» What is needed:
Images are to be left out when the records below are printed word for word.

» Material to process:
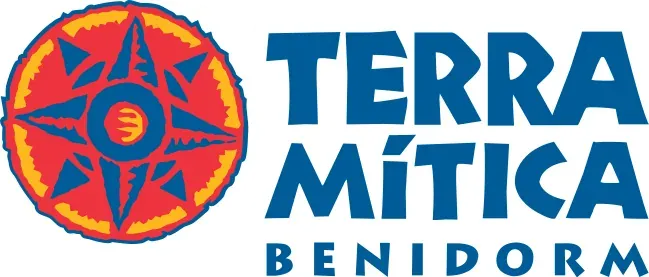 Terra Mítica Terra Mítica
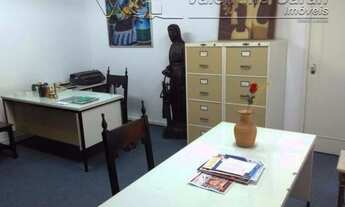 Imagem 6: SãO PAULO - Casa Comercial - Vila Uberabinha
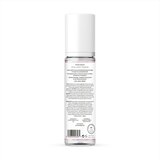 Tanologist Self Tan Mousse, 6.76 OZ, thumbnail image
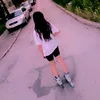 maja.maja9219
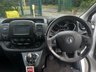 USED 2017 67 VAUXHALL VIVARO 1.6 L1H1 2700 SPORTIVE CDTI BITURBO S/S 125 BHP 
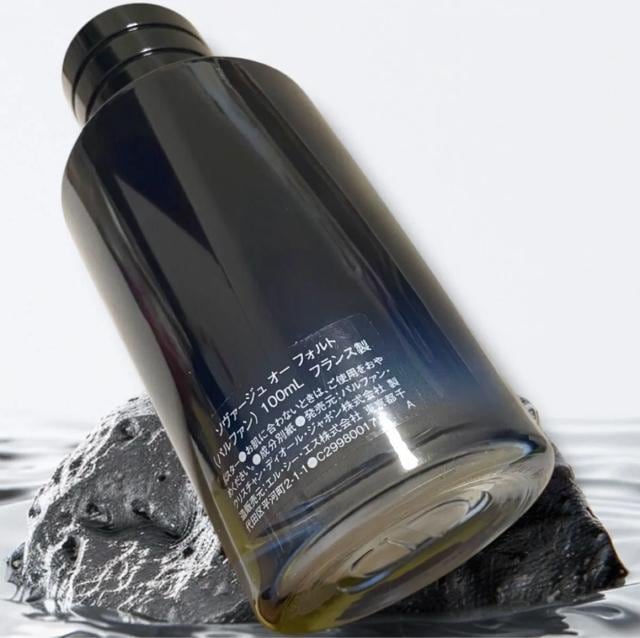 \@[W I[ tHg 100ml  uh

» Finished exercise:
 Terra Mítica Terra Mítica
 Imagem 6: SãO PAULO - Casa Comercial - Vila Uberabinha
 Tanologist Self Tan Mousse, 6.76 OZ, thumbnail image
 maja.maja9219
 USED 2017 67 VAUXHALL VIVARO 1.6 L1H1 2700 SPORTIVE CDTI BITURBO S/S 125 BHP 
 \@[W I[ tHg 100ml  uh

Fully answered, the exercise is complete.